--- PROMPT ---
Copy all lines below exactly as written. Leave pictures out.

--- DATA BELOW ---
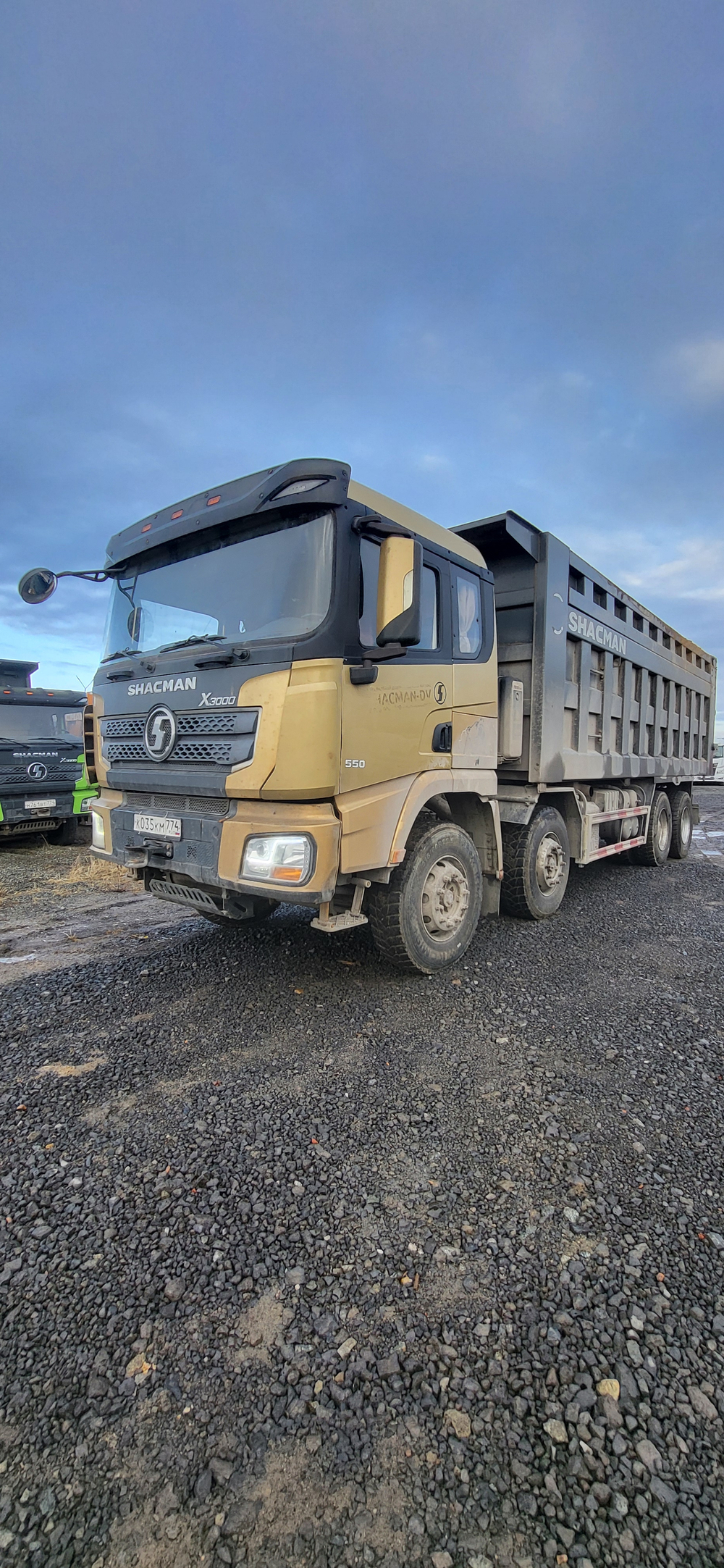 Shacman (Shaanxi) SX* 8x4 Самосвал SX331863366 (Дизельный, 12,5 л, 544 л.с., МТ)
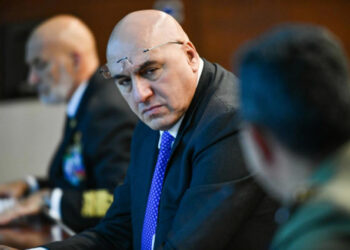 Meno male che alla Difesa abbiamo Crosetto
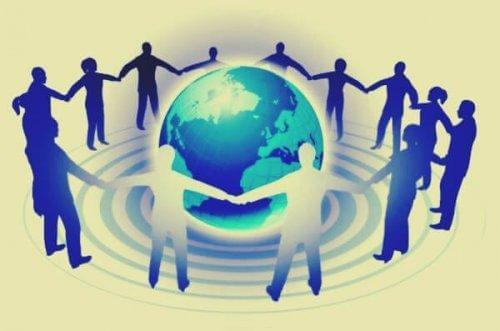 Virkningen av de tre grader av påvirkningsteori - mennesker holder hender rundt jordkloden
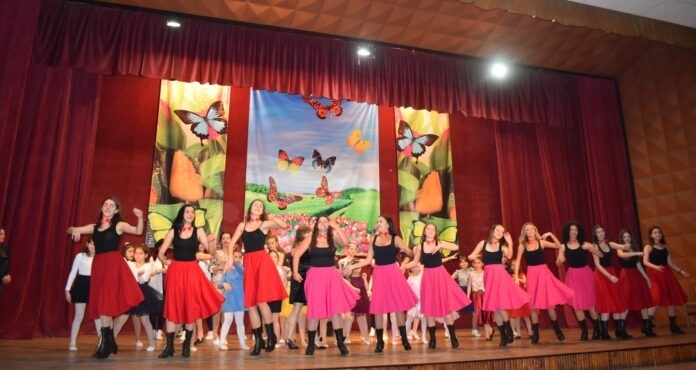 Клуб по спортни танци Астра“ ще представи традиционния си пролетен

--- RESPONSE TO THE TASK ---
 Shacman (Shaanxi) SX* 8x4 Самосвал SX331863366 (Дизельный, 12,5 л, 544 л.с., МТ)
 Meno male che alla Difesa abbiamo Crosetto
 Virkningen av de tre grader av påvirkningsteori - mennesker holder hender rundt jordkloden
 Клуб по спортни танци Астра“ ще представи традиционния си пролетен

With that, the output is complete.